YOUR INSTRUCTIONS:
Through the line with "303 E Washington" and starting from the first line, return the records below word for word, with pictures left out.

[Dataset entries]
------------------------------------------------------------------------
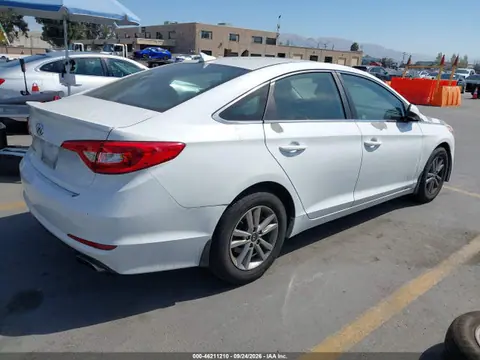 2015 Hyundai Sonata 2.4l Se VIN 5NPE24AF9FH057562 фото 4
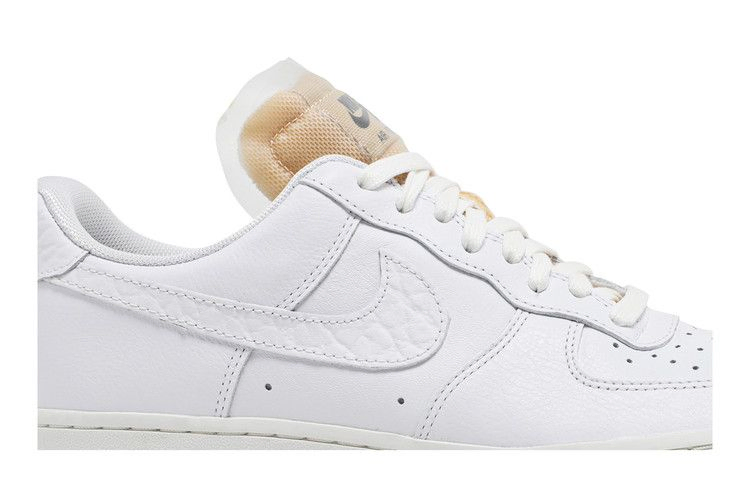 Кроссовки Nike Wmns Air Force 1 Low '07 LX 'Bling'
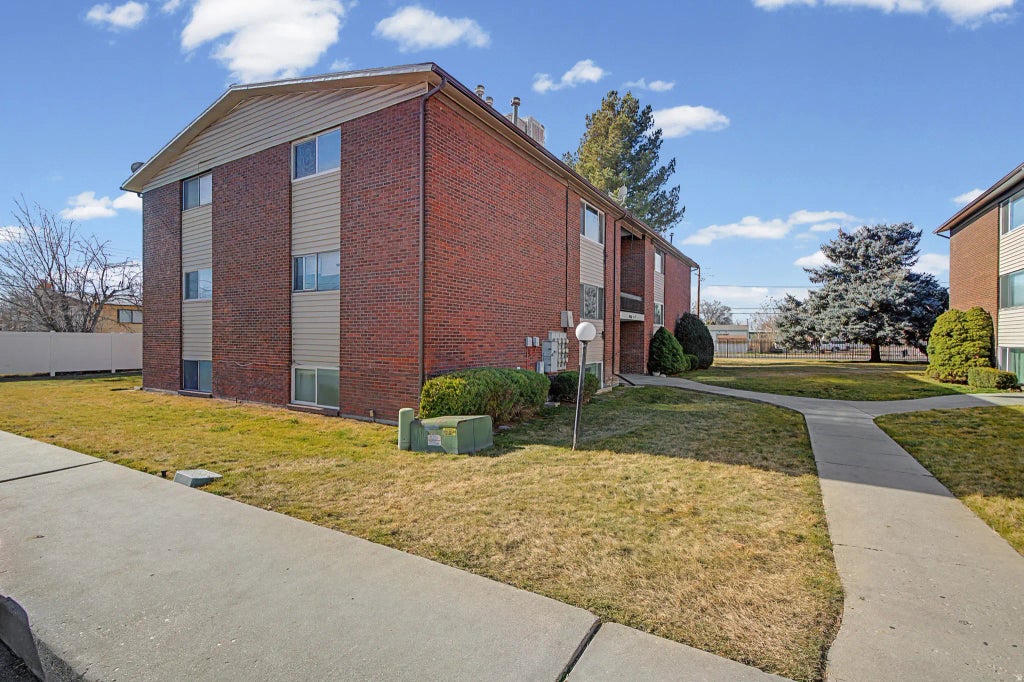 4005 S 300 E 25, Millcreek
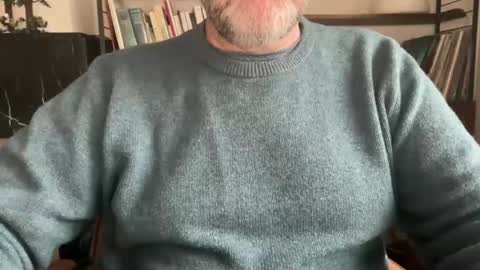 Snapshot of d_bowie chatting on 17, 12, 2025 d_bowie online show from 17, 12, 2025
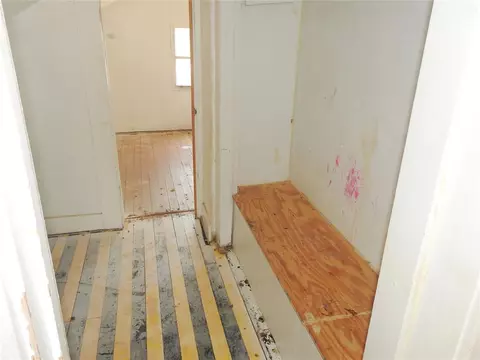 303 E Washington St, Crescent, OK 73028 photo 13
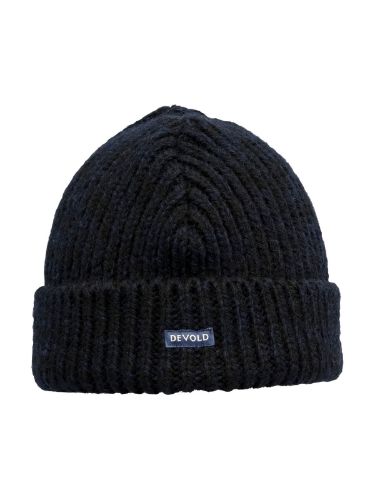 Lue fra Devold til dame og herre i mørk blå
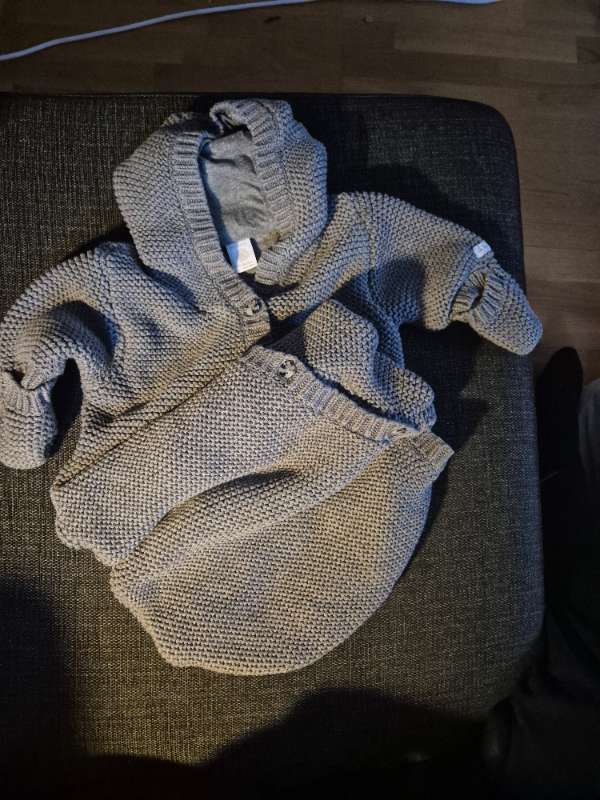 Newbie stickad åkpåse grå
------------------------------------------------------------------------
EXERCISE OUTPUT:
 2015 Hyundai Sonata 2.4l Se VIN 5NPE24AF9FH057562 фото 4
 Кроссовки Nike Wmns Air Force 1 Low '07 LX 'Bling'
 4005 S 300 E 25, Millcreek
 Snapshot of d_bowie chatting on 17, 12, 2025 d_bowie online show from 17, 12, 2025
 303 E Washington St, Crescent, OK 73028 photo 13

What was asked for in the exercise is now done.